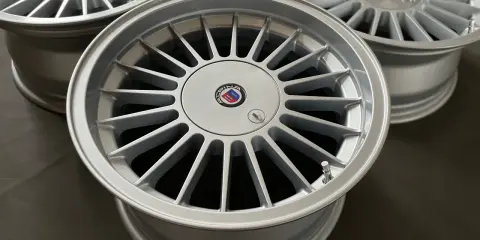 Felgi do BMW E34: Jak wybrać kultowe wzory i uniknąć błędów?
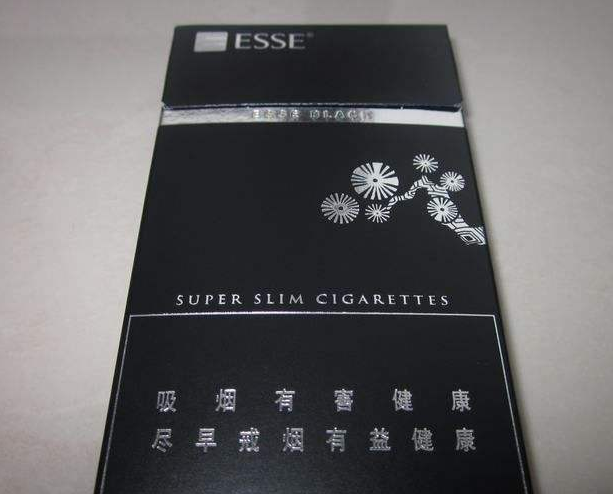 美女洗澡裸露双乳挤奶视频网站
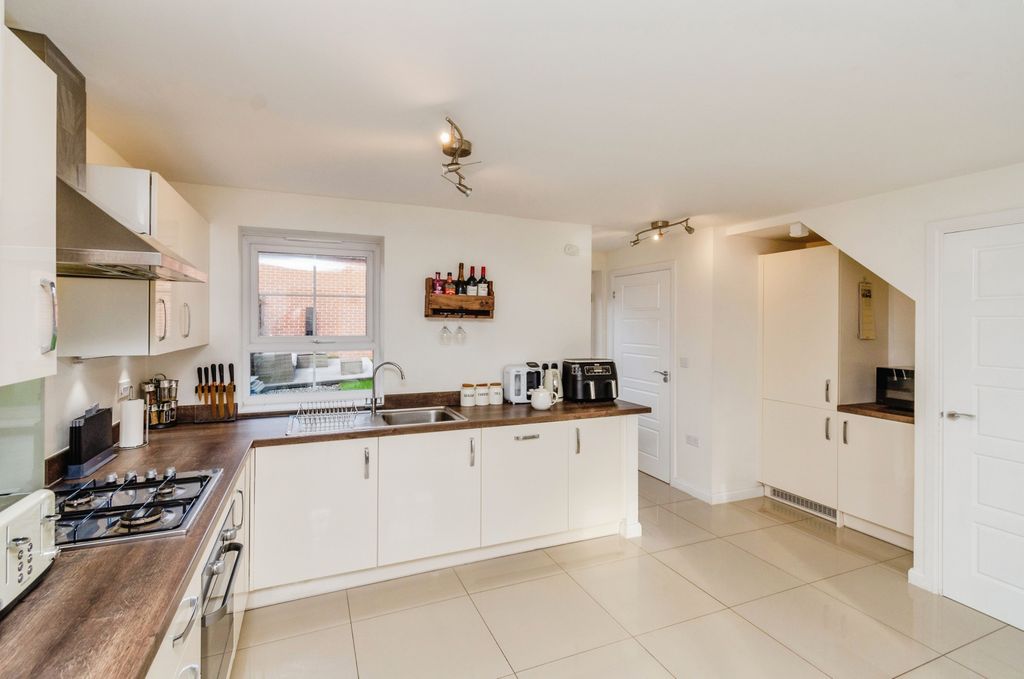 Property photo 3 of 17 Kitchen/Diner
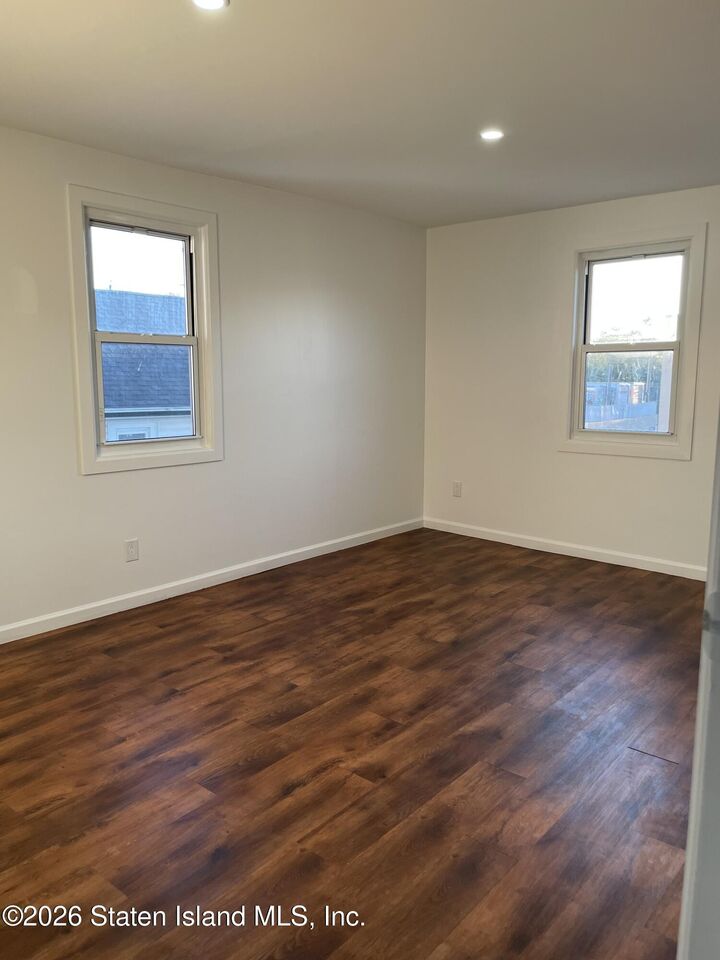 Property Photo:  514 Melyn Place 2  NY 10303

[What the task requires]:
Now write out the data word for word, skipping every picture in it.

[Answer to this problem]:
 Felgi do BMW E34: Jak wybrać kultowe wzory i uniknąć błędów?
 美女洗澡裸露双乳挤奶视频网站
 Property photo 3 of 17 Kitchen/Diner
 Property Photo:  514 Melyn Place 2  NY 10303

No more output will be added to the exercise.